All’importanza politica del cibo ci richiamano le parole di Frances Moore-Lappe, in una bella intervista rilasciata all’ Espresso. La studiosa britannica sostiene, con argomentazioni che mi sembrano fondate, che un circolo perverso lega l’obesità progredente tra gli USA (e, sembra, ormai anche tra gli europei), la denutrizione e la morte nei continenti poveri, la produzione di cibi geneticamente modificati e l’inquinamento da additivi chimici per l’agricoltura. La cosa singolare è che questo circolo perverso è scaturito da un’emergenza economica che ha provocato una radicale modificazione delle diete prevalenti nei paesi sviluppati. In sostanza, poiché negli anni 50 “il prezzo delle granaglie era al di sopra delle capacità d’acquisto di gran parte della popolazione mondiale” e di conseguenza “il mercato registrava una situazione di intasamento”, per stabilizzare i prezzi “i produttori decisero di dare da mangiare il surplus agli animali d’allevamento”. Da allora le quantità di cereali “date in pasto agli animali da macello superano di gran lunga quelle che vengono consumate dalla popolazione mondiale".
La Moore-Lappe illustra le conseguenze di questa decisione economica: “Gli effetti di questa scelta sulla salute mondiale si vedono e sono deleteri: l’obesità e tutte le malattie legate a questo tipo di dieta ricca di grassi animali dilagano. Interi continenti sono stati costretti ad abbandonare coltivazioni autoctone per dedicarsi alla crescita di cibi per l’esportazione. Il numero di aziende agricole a conduzione familiare è diminuito drasticamente come pure la varietà dei cibi coltivati. Il potere agricolo si e concentrato nelle mani di un pugno di società multinazionali e in molti casi, vedi l’Africa, i Caraibi e l’Asia, questo ha avuto un effetto frenante sullo sviluppo del sistema politico-economico del paese. Oggi, più che nel passato, nutrirsi non è solo un atto di sopravvivenza, è un atto politico. Riprendersi il controllo della propria alimentazione significa anche riprendersi il controllo del proprio destino politico".

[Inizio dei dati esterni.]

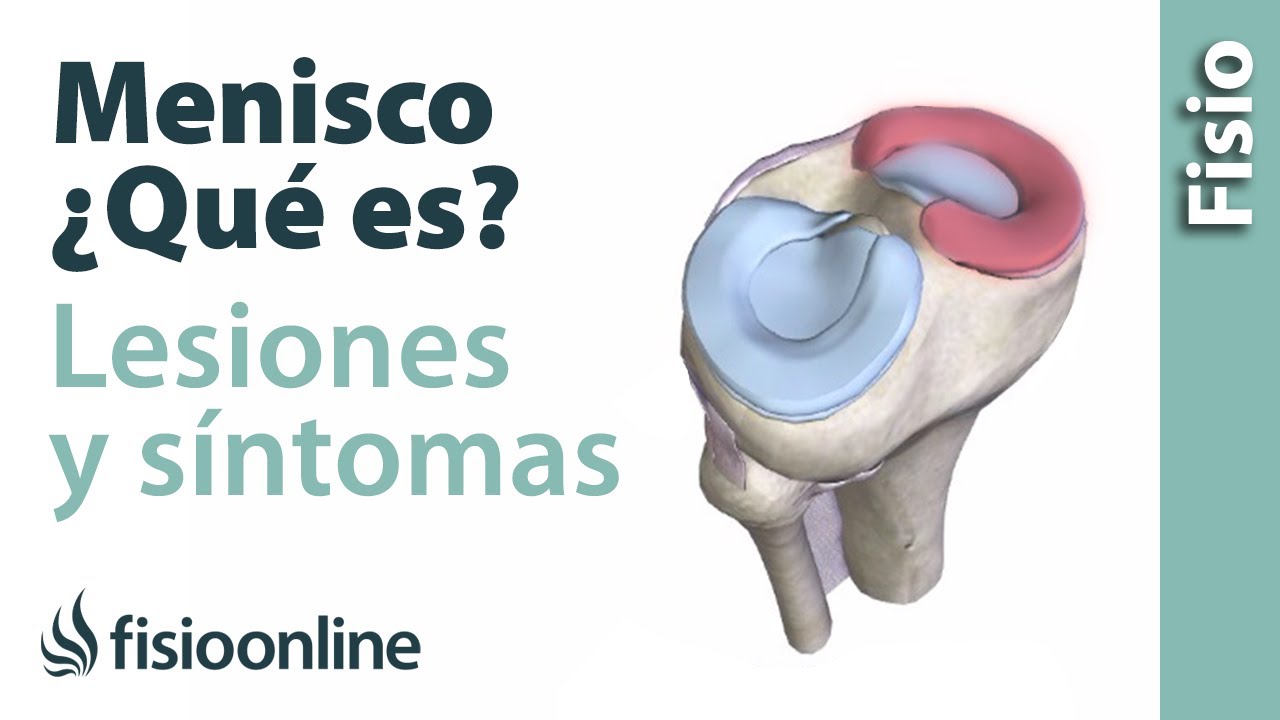 problema de meniscos en la rodilla sintomas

La dieta mediterranea, o un’analoga dieta “nella quale ci siano cereali non raffinati coltivati quanto più possibile localmente e senza pesticidi o fertilizzanti chimici”, nella quale per integrare “le verdure, il grano e la frutta si usano legumi, noci e semi” e, se si vuole, “vi si aggiungono carne e prodotti di animali che però non siano stati stati alimentati con granaglie e siano cresciuti nei pascoli aperti”. Questa, secondo l’autrice, “non solo è la dieta più salutare, ma anche quella che pesa di meno sulle risorse della Terra”.
Questa tesi è nota da tempo alla cultura ambientalista e “No global” mondiale. Se l’ho richiamata ai frequentatori del mio sito è, oltre che per la suggestione della tesi, per due circostanze, l’una urbanistica l’altra personale.

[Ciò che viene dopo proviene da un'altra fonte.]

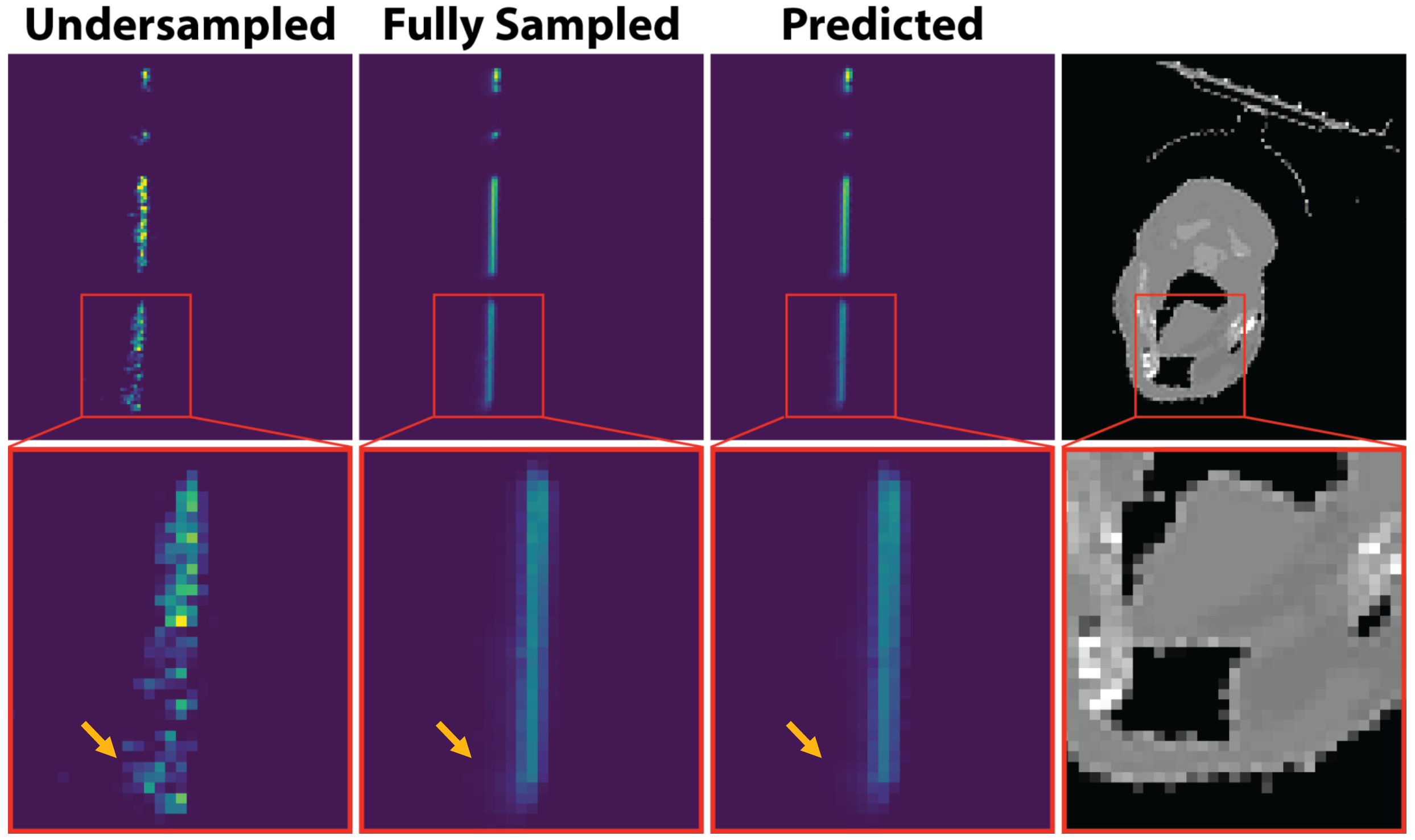 Deep Monte Carlo Dose Denoising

La prima. Un’agricoltura basata sulla utilizzazione locale delle risorse, sulla qualità dei prodotti anziché sull’efficienza quantitativa della loro produzione, sull’accurata ricognizione e protezione di tutte le infinite nicchie di produzione naturale e storica sfuggita all’omologazione, è certamente quella più adatta a governare il territorio coerentemente con le esigenze di sostenibilità (sulle distorsioni di questo termine occorrerà ritornare), di tutela del paesaggio e delle risorse naturali e storiche, di promozione della qualità della vita e di difesa sociale del suolo.

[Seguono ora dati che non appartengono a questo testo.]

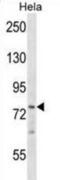 BRF1 RNA Polymerase III Transcription Initiation Factor Subunit antibody, abx028316, Abbexa, Western Blot image 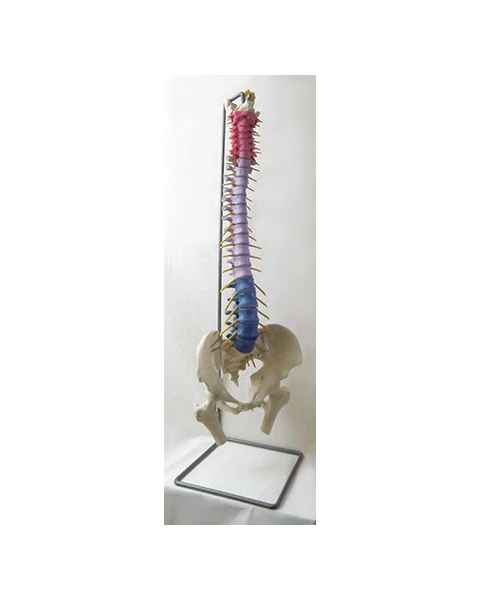 Color-Coded Premier Flexible Spine with Disc Prolapse & Femur Heads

La seconda. Nel curare l’edizione inglese delle mie ricette mi sono reso conto che quelle a base di cereali, verdure, legumi e prodotti del mare costituiscono la stragrande maggioranza di quelle ospitate in eddyburg, e quindi utilizzate da me e dai miei amici. Non mi dispiace scoprirmi, nella mia vita quotidiana, in sintonia con l tendenze più sagge della politica planetaria.